In 2021 milONGa celebrated 5 years since those first experiences that gave rise to this project that, today, involves not only young people, but also civil society organizations, communities, the little towns of the Focolare Movement, four regional administrative offices, an international work team and an infinite number of collaborators who have allowed the program to grow, consolidate and improve in quality.

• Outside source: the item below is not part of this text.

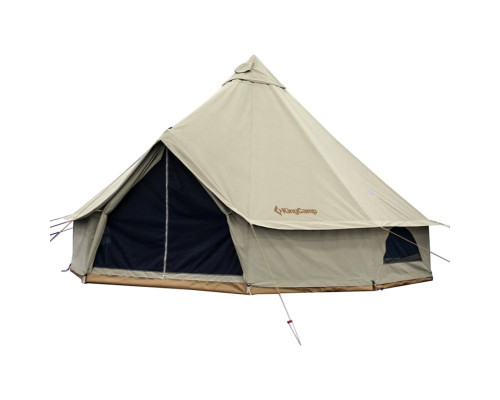Намет садовий KING CAMP 400 х 400 см, коричневий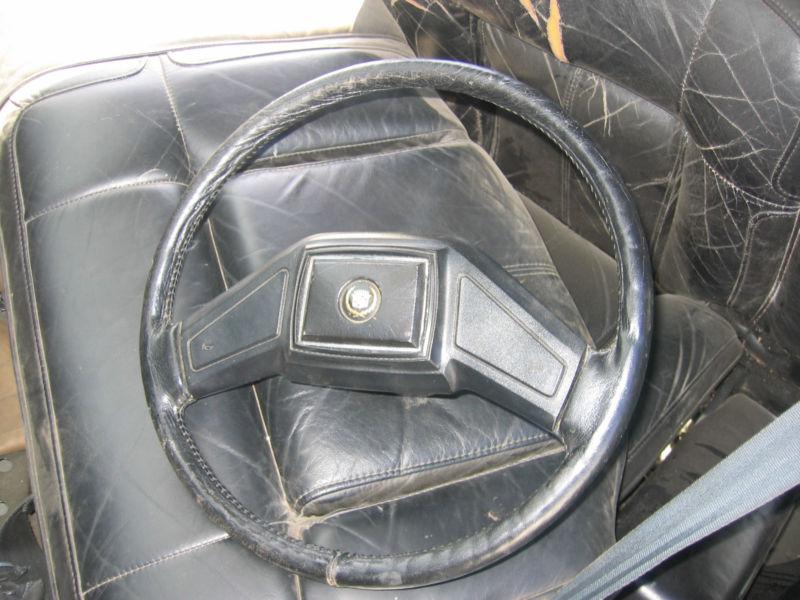 1977-1989 cadillac steering wheel,black,eldorado,fleetwood,seville,leather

In its 5 years of history, milONGa has witnessed the way in which this experience of international, intercultural and fraternal volunteering has marked the lives of many young people: the experience led them to reflect on the role that each one of them plays as a citizen of the world, stimulating them to take action even at a local level, because, as many would agree, even in their countries of origin there are people who suffer, and there too there is a need to act, just as Antonella, an Argentinean volunteer who has done virtual volunteering in Brazil and is now preparing to go there in person, tells us: “Before, I… maybe I had never volunteered, I didn’t participate much, but now I feel like if I don’t dedicate myself to something, I feel like I’m empty, and I think that’s what the volunteer experience has imparted to me.” Or Wilmar, a Brazilian volunteer who has been in Bolivia: “I lived very intense, very strong experiences, not only on a personal level but also on a professional level, now I understand better what needs to be done to develop the ideas I have for my work; here in Brazil I work for social projects…”

Milonga celebrates its first 5 years, but we certainly hope that there will be many more, and that many more will join us following the rhythm of this international dance.